Goal of the exercise → From the first line to the last, give the records again exactly.

───

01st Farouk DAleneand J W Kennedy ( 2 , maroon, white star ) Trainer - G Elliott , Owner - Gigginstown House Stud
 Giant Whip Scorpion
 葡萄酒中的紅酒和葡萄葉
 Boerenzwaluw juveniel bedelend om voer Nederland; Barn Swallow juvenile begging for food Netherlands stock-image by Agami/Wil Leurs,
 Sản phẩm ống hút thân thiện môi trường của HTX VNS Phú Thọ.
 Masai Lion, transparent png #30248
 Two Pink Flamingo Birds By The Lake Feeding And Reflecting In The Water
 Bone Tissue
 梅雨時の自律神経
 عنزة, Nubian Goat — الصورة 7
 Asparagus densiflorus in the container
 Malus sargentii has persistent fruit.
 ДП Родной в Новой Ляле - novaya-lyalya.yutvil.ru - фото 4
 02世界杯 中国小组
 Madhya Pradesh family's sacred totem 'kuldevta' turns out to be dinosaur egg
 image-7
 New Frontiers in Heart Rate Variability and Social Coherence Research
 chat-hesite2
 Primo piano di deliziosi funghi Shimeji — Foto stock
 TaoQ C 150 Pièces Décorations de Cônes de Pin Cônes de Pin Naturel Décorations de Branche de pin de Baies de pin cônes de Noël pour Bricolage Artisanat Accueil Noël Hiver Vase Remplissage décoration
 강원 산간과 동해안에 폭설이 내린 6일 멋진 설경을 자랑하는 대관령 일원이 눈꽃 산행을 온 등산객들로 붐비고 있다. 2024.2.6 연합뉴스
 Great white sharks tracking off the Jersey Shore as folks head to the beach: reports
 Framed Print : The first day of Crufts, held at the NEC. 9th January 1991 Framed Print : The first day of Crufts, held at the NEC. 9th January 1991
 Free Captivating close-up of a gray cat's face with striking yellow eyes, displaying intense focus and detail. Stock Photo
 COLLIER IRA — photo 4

───

Output for this exercise →
01st Farouk DAleneand J W Kennedy ( 2 , maroon, white star ) Trainer - G Elliott , Owner - Gigginstown House Stud
 Giant Whip Scorpion
 葡萄酒中的紅酒和葡萄葉
 Boerenzwaluw juveniel bedelend om voer Nederland; Barn Swallow juvenile begging for food Netherlands stock-image by Agami/Wil Leurs,
 Sản phẩm ống hút thân thiện môi trường của HTX VNS Phú Thọ.
 Masai Lion, transparent png #30248
 Two Pink Flamingo Birds By The Lake Feeding And Reflecting In The Water
 Bone Tissue
 梅雨時の自律神経
 عنزة, Nubian Goat — الصورة 7
 Asparagus densiflorus in the container
 Malus sargentii has persistent fruit.
 ДП Родной в Новой Ляле - novaya-lyalya.yutvil.ru - фото 4
 02世界杯 中国小组
 Madhya Pradesh family's sacred totem 'kuldevta' turns out to be dinosaur egg
 image-7
 New Frontiers in Heart Rate Variability and Social Coherence Research
 chat-hesite2
 Primo piano di deliziosi funghi Shimeji — Foto stock
 TaoQ C 150 Pièces Décorations de Cônes de Pin Cônes de Pin Naturel Décorations de Branche de pin de Baies de pin cônes de Noël pour Bricolage Artisanat Accueil Noël Hiver Vase Remplissage décoration
 강원 산간과 동해안에 폭설이 내린 6일 멋진 설경을 자랑하는 대관령 일원이 눈꽃 산행을 온 등산객들로 붐비고 있다. 2024.2.6 연합뉴스
 Great white sharks tracking off the Jersey Shore as folks head to the beach: reports
 Framed Print : The first day of Crufts, held at the NEC. 9th January 1991 Framed Print : The first day of Crufts, held at the NEC. 9th January 1991
 Free Captivating close-up of a gray cat's face with striking yellow eyes, displaying intense focus and detail. Stock Photo
 COLLIER IRA — photo 4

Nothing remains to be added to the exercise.